Dig Dis Sci. 1994 Apr;39(4):776-81. doi: 10.1007/BF02087423.
Ninety-three adult patients with benign esophageal stricture were randomized to receive balloon or bougie dilatation. Eighty-five patients were eligible for analysis and were followed prospectively for a year. Twenty-four patients required repeat dilatation within a year, but 50 patients completed a year's follow-up without further dilatation. The bougie group initially had a better symptomatic result, experiencing significantly less dysphagia at five months, although this difference had disappeared at one year. Eighteen patients in the balloon group required redilatation for symptoms compared with six in the bougie group. The bougie group had a significantly greater increase in their stricture diameter, and this was still present at one year after dilatation.

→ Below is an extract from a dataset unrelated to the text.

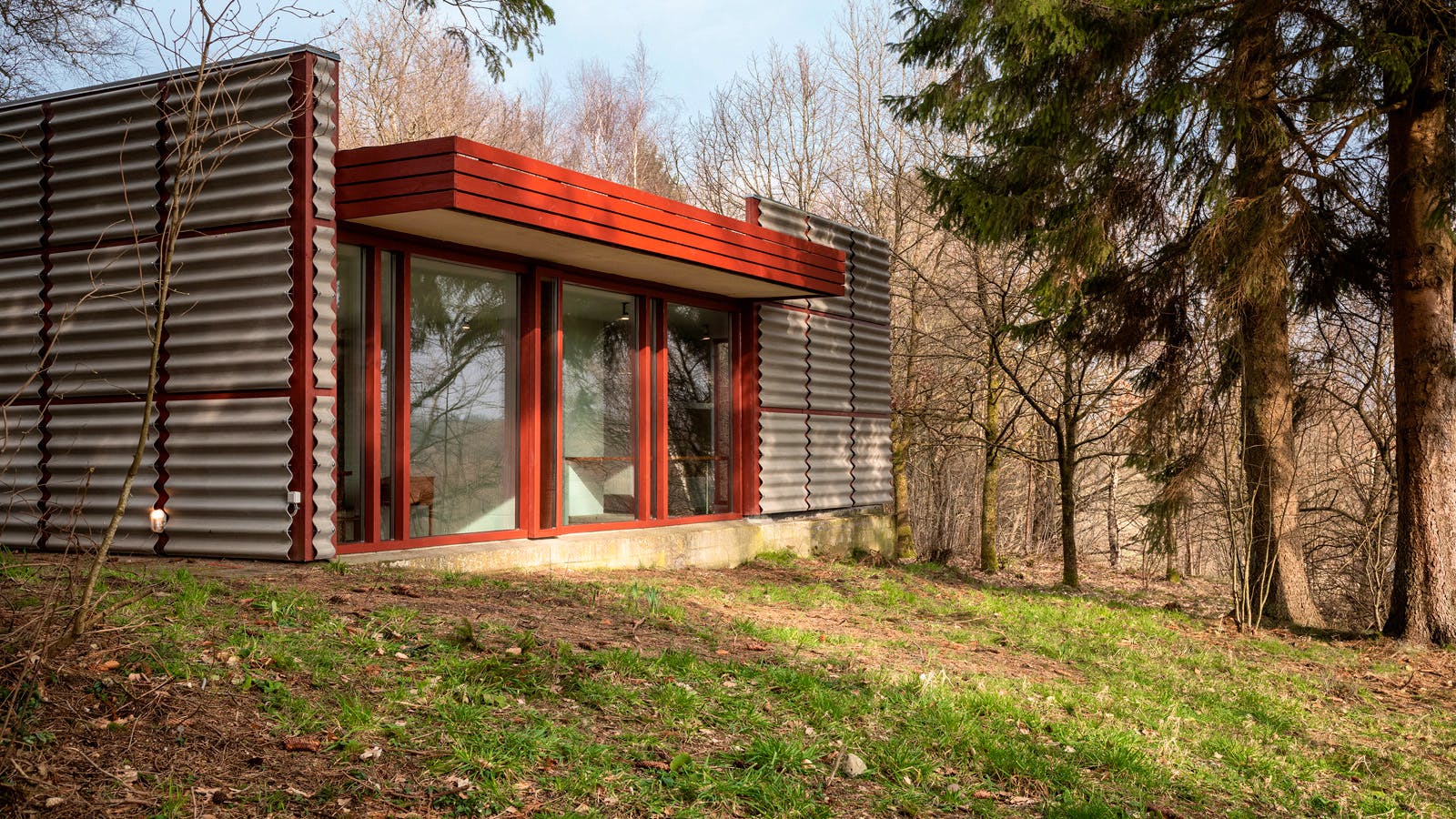 Panoramavindue i Poul Erik Thyrrings eget hus med bølgende facade og røde rammer, i kontrast til den omkringliggende skovnatur.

There was no significant difference in safety or patient acceptability. Balloons are probably more costly to use than bougies. Bougie dilatation is to be preferred to balloon dilatation in adults except in special circumstances.
93例成年良性食管狭窄患者被随机分为接受球囊扩张或探条扩张两组。85例患者符合分析条件,并进行了为期一年的前瞻性随访。24例患者在一年内需要重复扩张,但50例患者在无进一步扩张的情况下完成了一年的随访。探条组最初的症状改善效果较好,在五个月时吞咽困难明显较少,尽管这种差异在一年时已消失。球囊组有18例患者因症状需要再次扩张,而探条组为6例。探条组狭窄直径的增加明显更大,且在扩张后一年仍存在。在安全性或患者可接受性方面无显著差异。使用球囊可能比探条成本更高。除特殊情况外,成人首选探条扩张而非球囊扩张。